Abstract
In these presentations, students in the cloud computing course will describe what they've accomplished during the semester.
Large-Data Statistical Machine Translation (May 7)
Chris Dyer, Aaron Cordova, Alex Mont
In the last decade, statistical techniques have revolutionized the field of machine translation. Using collections of documents that exist in pairs of languages (so-called bitexts), it is possible to build models of translation that can be used to translate effectively between many language pairs with virtually no language-specific knowledge. However, the amount of data that is available has grown more rapidly than the performance of computers, and the research community now faces a situation where estimating a new model from a training bitext takes several days with the existing tools. In this talk, we show that a large class of models can be naturally expressed using the MapReduce programming paradigm. This enables the models to be parallelized on clusters of commodity hardware and estimated exactly in a fraction of the time that would be required on a single-core machine. We present results showing the scaling characteristics of estimation code for two word alignment models (IBM Model 1 and the HMM alignment model) and a phrase-based translation model.
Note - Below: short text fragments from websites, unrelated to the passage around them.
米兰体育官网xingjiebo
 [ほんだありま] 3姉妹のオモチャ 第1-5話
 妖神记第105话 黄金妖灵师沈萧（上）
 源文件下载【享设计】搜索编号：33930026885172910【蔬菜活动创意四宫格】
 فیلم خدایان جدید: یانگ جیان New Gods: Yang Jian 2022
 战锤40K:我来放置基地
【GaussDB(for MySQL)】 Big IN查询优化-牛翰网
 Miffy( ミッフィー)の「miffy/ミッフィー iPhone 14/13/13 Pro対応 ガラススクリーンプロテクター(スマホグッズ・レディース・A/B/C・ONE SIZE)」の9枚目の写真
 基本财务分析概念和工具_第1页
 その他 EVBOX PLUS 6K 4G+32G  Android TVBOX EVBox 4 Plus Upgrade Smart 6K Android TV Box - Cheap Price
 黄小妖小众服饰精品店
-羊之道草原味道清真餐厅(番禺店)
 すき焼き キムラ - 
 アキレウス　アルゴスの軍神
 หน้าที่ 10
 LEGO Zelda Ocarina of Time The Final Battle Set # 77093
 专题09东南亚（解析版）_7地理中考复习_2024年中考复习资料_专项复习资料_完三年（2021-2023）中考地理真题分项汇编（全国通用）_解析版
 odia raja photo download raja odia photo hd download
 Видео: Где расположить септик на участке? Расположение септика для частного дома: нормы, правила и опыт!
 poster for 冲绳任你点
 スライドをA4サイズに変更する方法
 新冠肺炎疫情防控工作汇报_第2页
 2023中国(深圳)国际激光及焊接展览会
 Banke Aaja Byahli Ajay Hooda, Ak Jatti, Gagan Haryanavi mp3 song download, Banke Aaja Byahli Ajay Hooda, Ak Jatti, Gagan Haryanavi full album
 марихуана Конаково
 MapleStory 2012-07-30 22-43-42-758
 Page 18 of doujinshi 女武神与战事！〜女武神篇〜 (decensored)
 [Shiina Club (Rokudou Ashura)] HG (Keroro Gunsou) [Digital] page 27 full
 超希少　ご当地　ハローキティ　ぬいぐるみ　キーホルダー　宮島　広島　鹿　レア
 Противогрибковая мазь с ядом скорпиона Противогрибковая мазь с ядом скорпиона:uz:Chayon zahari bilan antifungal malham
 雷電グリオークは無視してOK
Parallel Automatic Text-Background Separation in Picture Books (May 7)
Chang Hu and Punit Mehta
We present an image processing system based on the Hadoop MapReduce framework. The system leverages existing serial image processing code and the MapReduce framework to perform text-background separation for picture books in the International Children's Digital Library. We evaluated the performance of the system. The system also provides an overall programming paradigm for integrating image processing systems using the MapReduce framework.